Regulatory Management

• Maintains good working knowledge of all assigned protocols and reporting requirements. Adheres to all protocol requirements to ensure the validity of the clinical research data.
• Disseminates protocol information and updates to other study team members, as necessary.
• Prepares and submits annual renewal requests, amendments and adverse event reports with clinical input according to IRB and Sponsor requirements.
• Responsible for submission, verification, and maintenance of protocol specific information on the SKCCC Research Protocol Library and OnCore.
• Maintains regulatory binder for each assigned protocol.
• Prepares for and participates in monitoring and audits of studies. Corrects errors in database when necessary.
• Meets regularly with members of the study team to review data accuracy and overall study progress. Participates in all mandatory meetings to develop increasing knowledge of assigned clinical trial and Registry requirements.
• May assist the principal investigator and/or program manager in defining information and plans required to accomplish goals of studies. May help design and create protocol specific data collection forms with assistance.
• Completes minimum requirement for continuing educational units. Has working knowledge of and complies with Good Clinical Practices, ICH Guidelines and SKCCC Clinical Research Office policies.

 

[Goro]

This is logistics, nothing more.

 

[madamemichaelscott]

I took on a 2 year CRC position and was accepted to 3 T20s including Pitt. Your job description is similar to what mine was and gave me substantial clinical and research experience that I wrote about & discussed heavily.

 

[Goro]

I took on a 2 year CRC position and was accepted to 3 T20s including Pitt. Your job description is similar to what mine was and gave me substantial clinical and research experience that I wrote about & discussed heavily.

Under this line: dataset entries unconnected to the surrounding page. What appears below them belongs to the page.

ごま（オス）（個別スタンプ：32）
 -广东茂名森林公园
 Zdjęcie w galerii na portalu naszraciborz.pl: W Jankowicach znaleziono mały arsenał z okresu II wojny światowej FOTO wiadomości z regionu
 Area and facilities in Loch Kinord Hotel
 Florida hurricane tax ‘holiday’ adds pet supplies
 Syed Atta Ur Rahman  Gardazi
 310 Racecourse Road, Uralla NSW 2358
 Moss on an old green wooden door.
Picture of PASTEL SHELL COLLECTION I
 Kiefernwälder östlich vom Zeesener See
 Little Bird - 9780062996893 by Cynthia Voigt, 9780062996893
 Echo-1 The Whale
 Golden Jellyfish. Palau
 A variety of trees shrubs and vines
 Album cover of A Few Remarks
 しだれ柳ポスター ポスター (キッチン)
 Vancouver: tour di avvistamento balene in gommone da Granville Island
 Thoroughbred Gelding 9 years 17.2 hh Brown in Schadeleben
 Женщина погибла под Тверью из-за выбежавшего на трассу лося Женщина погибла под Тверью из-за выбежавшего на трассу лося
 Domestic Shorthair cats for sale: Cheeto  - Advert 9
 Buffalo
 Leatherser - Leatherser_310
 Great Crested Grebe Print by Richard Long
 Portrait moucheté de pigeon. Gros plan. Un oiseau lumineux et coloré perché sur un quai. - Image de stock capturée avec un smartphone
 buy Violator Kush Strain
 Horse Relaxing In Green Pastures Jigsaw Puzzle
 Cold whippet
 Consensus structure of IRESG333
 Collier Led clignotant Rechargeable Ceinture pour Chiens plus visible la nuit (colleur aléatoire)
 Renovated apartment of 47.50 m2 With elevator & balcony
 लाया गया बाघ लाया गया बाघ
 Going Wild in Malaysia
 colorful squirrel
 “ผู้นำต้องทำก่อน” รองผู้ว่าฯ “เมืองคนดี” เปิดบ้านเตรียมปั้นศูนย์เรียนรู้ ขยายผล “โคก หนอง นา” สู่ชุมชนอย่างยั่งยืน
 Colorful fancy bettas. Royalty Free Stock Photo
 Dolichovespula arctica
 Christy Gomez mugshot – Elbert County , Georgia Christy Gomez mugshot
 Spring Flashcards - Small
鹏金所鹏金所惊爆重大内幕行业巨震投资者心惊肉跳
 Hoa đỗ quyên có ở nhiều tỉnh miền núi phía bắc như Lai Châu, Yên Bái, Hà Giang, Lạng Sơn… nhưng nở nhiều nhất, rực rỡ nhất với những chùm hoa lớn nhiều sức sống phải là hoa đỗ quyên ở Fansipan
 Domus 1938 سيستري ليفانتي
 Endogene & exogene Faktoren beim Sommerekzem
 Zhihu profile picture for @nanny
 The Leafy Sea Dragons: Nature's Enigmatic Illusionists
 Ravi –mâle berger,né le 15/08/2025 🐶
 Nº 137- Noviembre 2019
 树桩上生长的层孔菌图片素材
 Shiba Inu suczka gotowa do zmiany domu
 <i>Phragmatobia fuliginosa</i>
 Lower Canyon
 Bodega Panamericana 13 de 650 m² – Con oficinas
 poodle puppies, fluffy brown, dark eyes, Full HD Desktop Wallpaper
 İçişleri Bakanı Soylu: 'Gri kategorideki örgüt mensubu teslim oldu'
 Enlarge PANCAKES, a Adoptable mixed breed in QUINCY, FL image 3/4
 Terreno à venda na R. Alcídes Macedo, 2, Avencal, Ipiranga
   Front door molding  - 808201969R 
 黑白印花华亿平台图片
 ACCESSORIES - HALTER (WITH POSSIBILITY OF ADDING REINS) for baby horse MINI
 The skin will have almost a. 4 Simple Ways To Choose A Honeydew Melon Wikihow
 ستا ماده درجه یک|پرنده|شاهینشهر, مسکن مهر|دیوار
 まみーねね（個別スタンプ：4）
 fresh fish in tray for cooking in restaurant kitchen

The bolded is what Adcoms look for in people who have worked as CRCs.

Those who just call up research subjects and remind them of their appointments? No.

 

[ACKjp]

I also worked as a CRC for 1.5 years and had a successful cycle. As others have said the experience can vary greatly, but if you have meaningful patient contact it’ll be good for your application

 

[KaiBuzz]

I also worked as a CRC at a top academic medical center and had a very successful cycle. All of my lab colleagues are also attending medical school now.